Damage caused by littering from land-based recreation
Glass bottles and jars
Angling line and lead weights
Discarded shotgun cartridges
Although the source of most marine pollution
is industrial activity and agriculture, recreational activities
can contribute to localised pollution issues. Perhaps the most
obvious issue linked to recreation in coastal areas is that
of discarded litter. Although the amenity impact of litter is
more significant than its environmental impact, discarded litter
can have direct impacts on both plant and animal species which
inhabit designated coastal features. The following section reviews
some of the different types of litter and their possible implications
for the environment.
Much of the plastic found in coastal areas
is derived from accidental spillage from ships or from factories
close to rivers. There is no doubt, however, that in areas of
intensive recreational activities, litter from participants
can contribute to localised problems.
Food and equipment packaging tends to be the
most commonly discarded item connected to recreational activities.
These can enter the marine environment either because of deliberate
littering or from overflowing or inappropriately designed waste
The very characteristics that make plastic
so useful - strength, durability and light weight - tend to
make it the most persistent and visible form of rubbish. Not
only is plastic litter unsightly, it can be dangerous to birds
and animals. Birds and fish can often mistake plastic floating
in the water for food and, once ingested, it can cause severe
internal injuries. Wildlife can also become caught up in discarded
plastic, with four pack plastic holders being a particular problem.

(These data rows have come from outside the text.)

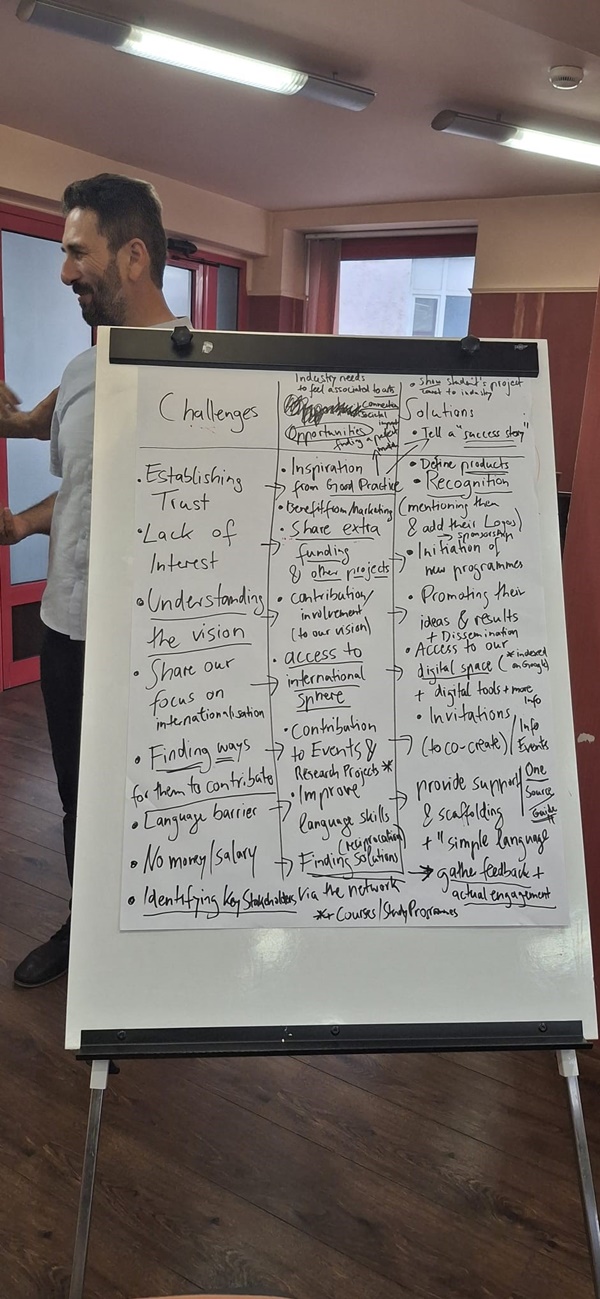 A white board with writing on it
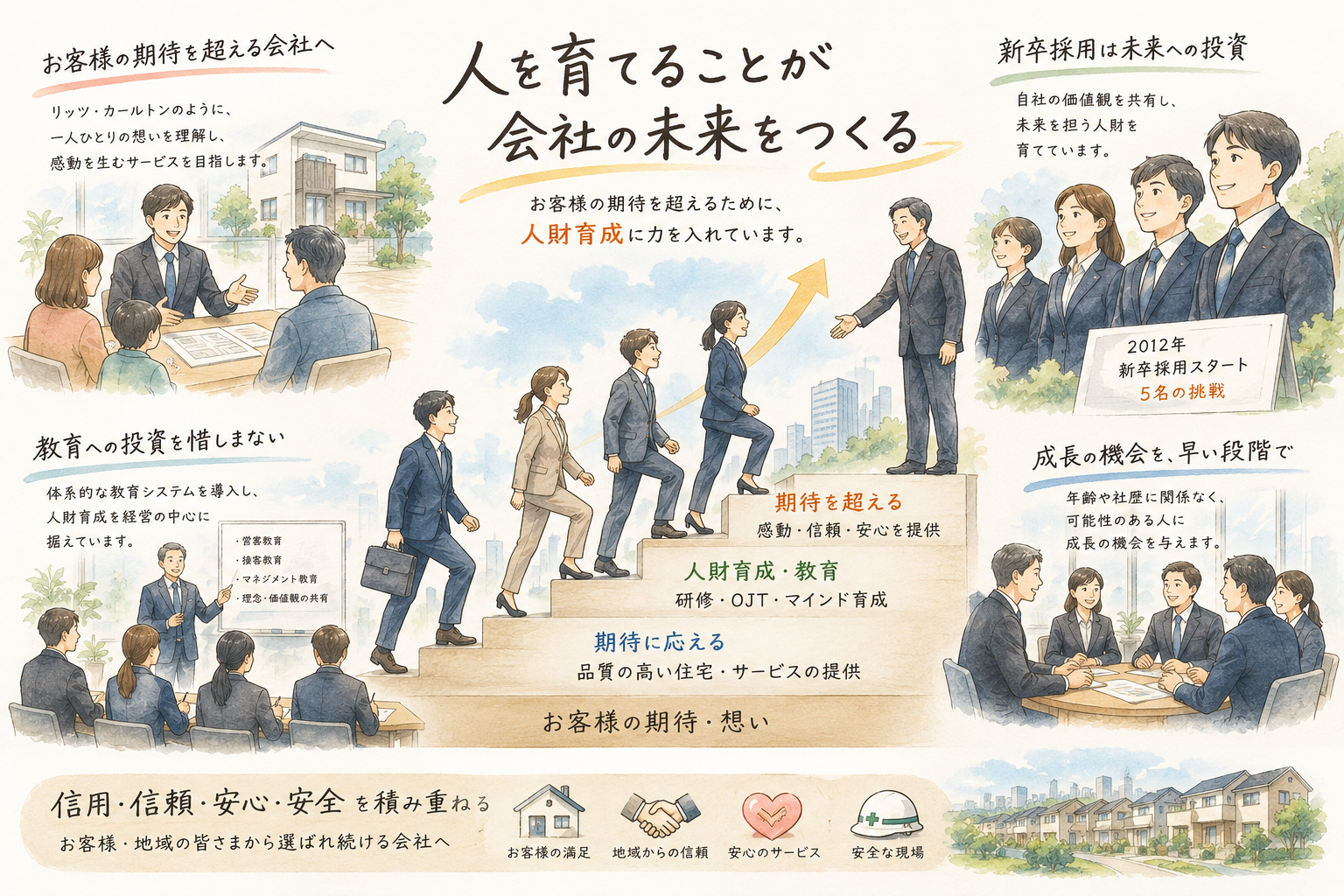 おうちPARK・経営の記録③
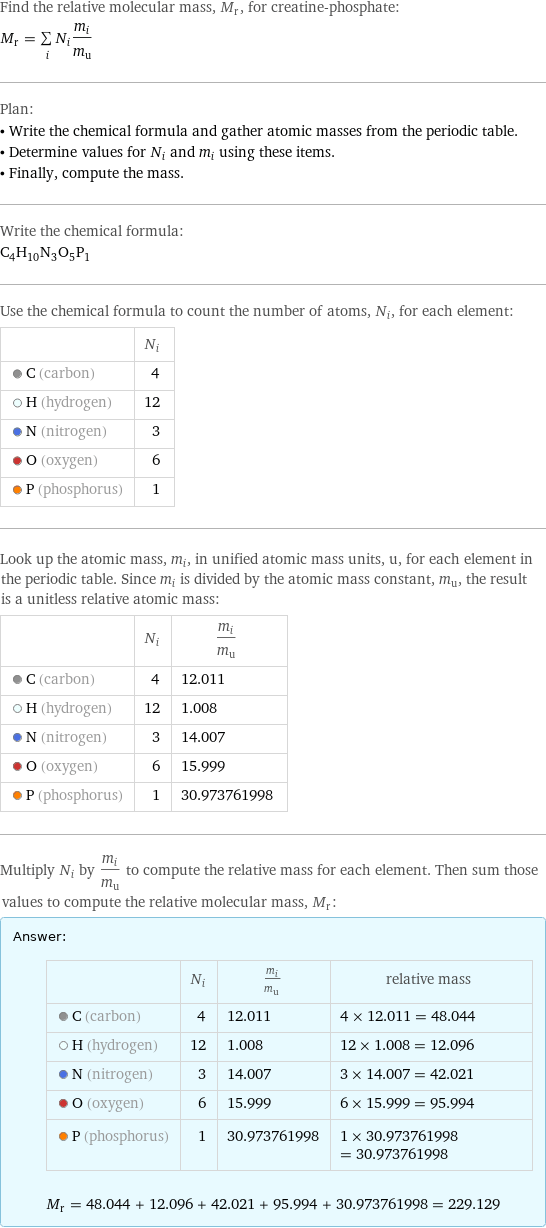 Find the relative molecular mass, M_r, for creatine-phosphate: M_r = sum _iN_im_i/m_u Plan: • Write the chemical formula and gather atomic masses from the periodic table. • Determine values for N_i and m_i using these items. • Finally, compute the mass. Write the chemical formula: C_4H_10N_3O_5P_1 Use the chemical formula to count the number of atoms, N_i, for each element:  | N_i  C (carbon) | 4  H (hydrogen) | 12  N (nitrogen) | 3  O (oxygen) | 6  P (phosphorus) | 1 Look up the atomic mass, m_i, in unified atomic mass units, u, for each element in the periodic table. Since m_i is divided by the atomic mass constant, m_u, the result is a unitless relative atomic mass:  | N_i | m_i/m_u  C (carbon) | 4 | 12.011  H (hydrogen) | 12 | 1.008  N (nitrogen) | 3 | 14.007  O (oxygen) | 6 | 15.999  P (phosphorus) | 1 | 30.973761998 Multiply N_i by m_i/m_u to compute the relative mass for each element. Then sum those values to compute the relative molecular mass, M_r: Answer: |   | | N_i | m_i/m_u | relative mass  C (carbon) | 4 | 12.011 | 4 × 12.011 = 48.044  H (hydrogen) | 12 | 1.008 | 12 × 1.008 = 12.096  N (nitrogen) | 3 | 14.007 | 3 × 14.007 = 42.021  O (oxygen) | 6 | 15.999 | 6 × 15.999 = 95.994  P (phosphorus) | 1 | 30.973761998 | 1 × 30.973761998 = 30.973761998  M_r = 48.044 + 12.096 + 42.021 + 95.994 + 30.973761998 = 229.129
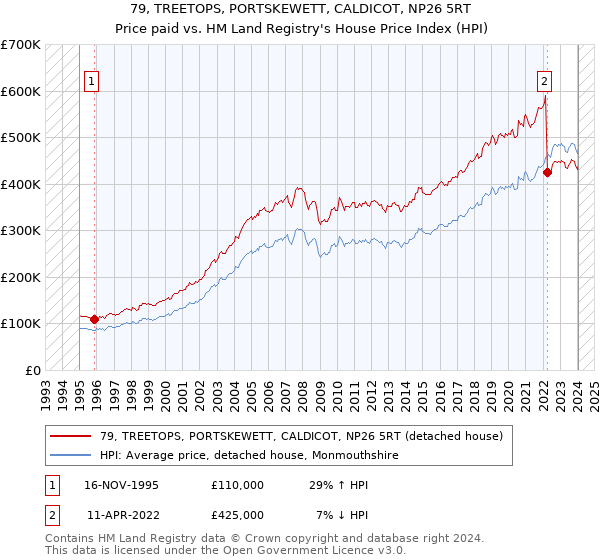 79, TREETOPS, PORTSKEWETT, CALDICOT, NP26 5RT: Price paid vs HM Land Registry's House Price Index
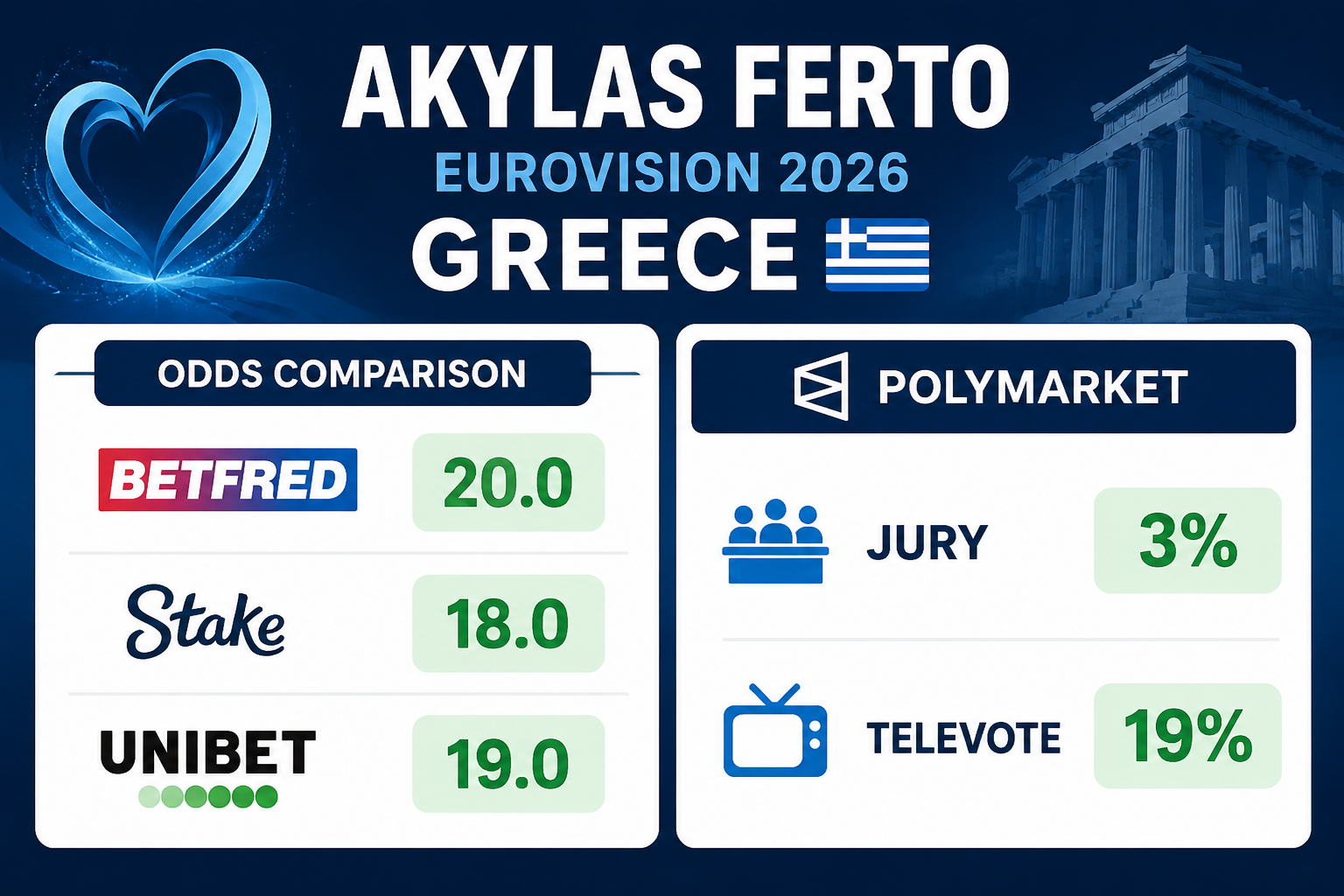 Greece Eurovision 2026 Akylas Ferto Betting Odds Analysis
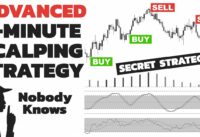 ADVANCED 5 Minute Scalping Strategy Used By Institutional Traders… Never Lose Again…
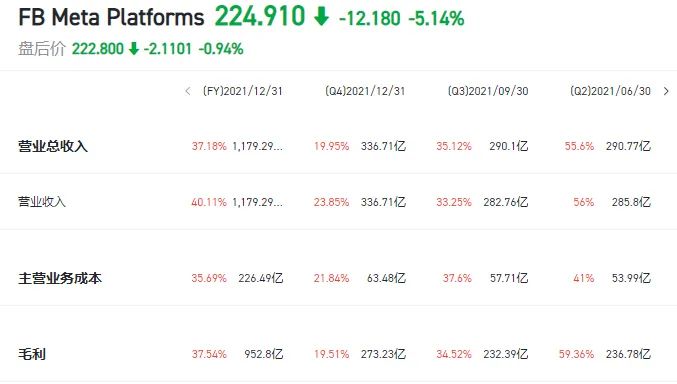 MetaPlatforms营业收入，图/富途牛牛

Discarded paper is largely an aesthetic issue
and is unlikely to have any significant environmental impacts
on features or their associated flora and fauna.
Glass Bottles and Jars
Discarded glass containers are unlikely to
cause direct damage to a marine feature, but can ignite fires
in the vicinity of a feature. This can have a severe effect
on the vegetation and species in those areas. In addition, glass
and broken glass can be hazardous to small mammals which live
in the vicinity of the designated areas.
Dog walking is one of the most popular recreational
activities in coastal areas. The problems associated with dog
faeces are largely an amenity issue and cause little or no significant
impacts to marine features.
Angling Line and Lead Weights
Accidentally or deliberately discarded nylon
line and netting have no impacts on the geomorphology of designated
habitats but can have an impact on designated species, such
as seals, particularly in the vicinity of typical haul out sites.
Line and equipment discarded in intertidal areas can also adversely
affect wading birds by becoming entangled around their legs.
Ingested lead weights can cause serious illness in marine wildlife.
Discarded Shotgun Cartridges
Spent shotgun cartridges from wildfowling and other hunting
activities are unlikely to have any significant impact on marine
features, other than those related to amenity, although they
may cause impacts to wildlife if ingested.